Por supuesto que, aún más frecuentes, son los conflictos que revelan discriminaciones de los sectores más acomodados a los de menor nivel socioeconómico. En ellos la “grieta” entre “trabajadores” y “choriplaneros”, es un ejemplo claro, a pesar que los planes representan menos del 3% del presupuesto público para 1,1 millones de personas –que así complementan su trabajo no registrado-, 100.000 menos que en 2019, que algún medio ilustró como blancos con sushi y negros con choripán, como si los planes fueran la causa de “la pérdida del valor trabajo” y de los males de los trabajadores registrados que ven reducir diariamente su poder adquisitivo.
La verdadera solución no pasa por resolver los conflictos, sino por evitarlos y/o minimizar sus efectos, anticipándonos a ellos o haciendo profilaxis de sus causas.
Es que, siguiendo a la teoría sistémica de los grupos sociales –en especial a Nicklas Luhmann (1927-1998)-, que dice “los grupos sociales son auto centrados y autopoiéticos” (se reproducen a sí mismos), no es prudente que sólo logren “identidad”, ya que ello implica excluir a “los otros” y generar las condiciones para nuevas divisiones internas ante conflictos que los enfrentan.

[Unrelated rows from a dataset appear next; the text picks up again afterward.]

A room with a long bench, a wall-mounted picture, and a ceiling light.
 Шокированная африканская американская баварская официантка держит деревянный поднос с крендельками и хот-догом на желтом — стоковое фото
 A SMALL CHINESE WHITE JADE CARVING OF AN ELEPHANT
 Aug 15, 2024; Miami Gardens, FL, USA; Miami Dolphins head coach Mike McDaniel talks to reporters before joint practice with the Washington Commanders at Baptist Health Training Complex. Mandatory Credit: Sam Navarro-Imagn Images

Eso es visible en todos los grupos sociales, todo el tiempo, en especial cuando dejan de ser “exitosos” y cuanto más cerrados hayan sido. Por ello, cualquier grupo social que pretenda ser sostenible debe sopesar sus debilidades y amenazas más significativas, que pueden afectar su éxito y producir divisiones internas irreconciliables, lo que significa estar dispuestos a incluir a otros.
En ese sentido, es clave identificar los grupos de interés que pueden ser afectados gravemente por el grupo o puedan afectarlo del mismo modo, ya sean empresas, organizaciones sociales, políticas, etc. Las actuales metodologías de gestión sostenible –Objetivos de Desarrollo Sostenible (ODS), Global Reporting Iniciative (GRI), y demás- recomiendan alianzas estratégicas, al menos con los grupos de interés más significativos, en los temas comunes clave que permitan disminuir los riesgos de conflicto, aun cuando se sostengan diferencias menores, lo que implica estar dispuestos a transformar gradual y progresivamente las percepciones y valores al aceptar la diversidad.
El camino está marcado a nivel global, se conoce a poco de buscar en las redes formas de gestión sostenible y/o para disminuir riesgos antes que se vuelvan inmanejables.
No se trata de una esperanza, que es una creencia sin fundamento, casi mágica. Se trata de una convicción basada en hechos verificables, que implica asumir como propios los intereses de otros grupos. Para ello es imprescindible que se vuelva a pensar en obligar a las empresas -como se intentó hacer en 2004- a reportar su gestión sostenible, como ya se hace en Europa y otros países, y como debió hacerse hace décadas con los balances financieros.